Smartphones facilitate the potential adoption of new mobile applications. The purpose of this research is to study users and non-users of three selected mobile applications, and find out what really drives the intention to use these applications across users and non-users.
The authors measured actual usage of mobile applications in a panel study of 579 Finnish smartphone users, using in-device measurements as an objective way to identify users and non-users. A web-based survey was used in collecting data to test an extended TAM model in explaining intention to use.
Perceived technological barriers negatively affect behavioural control, reflecting people’s assessment of themselves being capable of using the services without trouble. Behavioural control is directly linked to perceived usefulness (except for games) and perceived enjoyment, as hypothesized. Perceived enjoyment and usefulness were generically found to explain intention to use applications for both users and for non-users.

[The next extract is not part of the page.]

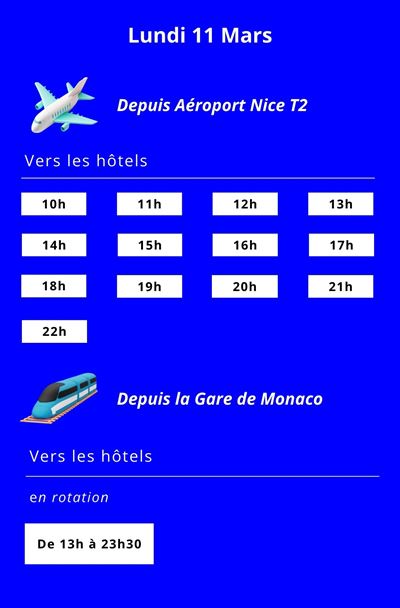 Programme des navettes de Nice vers Monaco le lundi 11 mars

With regards to the impact of social norms, the study finds that further research needs to be done in exploring its impact more thoroughly. The dataset of the research, consisting purely of male-dominated, young smartphone users, make the generalization of results difficult.
There are differences regarding what drives the usage of different kinds of mobile applications. In this study, map applications and mobile Internet, are driven by more utilitarian motivations, whereas games are more hedonic. It is also clear that not everybody are using applications facilitated by smartphones, and therefore the presented approach of studying users and non-users separately provides a new approach to analyze adoption on a practical level.
This research proves that models like TAM should not treat mobile services as a generic concept, but instead to specifically address individual mobile services. The research also demonstrates the unique value of combining objective usage measurements (reflecting actual behaviour) with traditional survey data in more comprehensively modelling service adoption.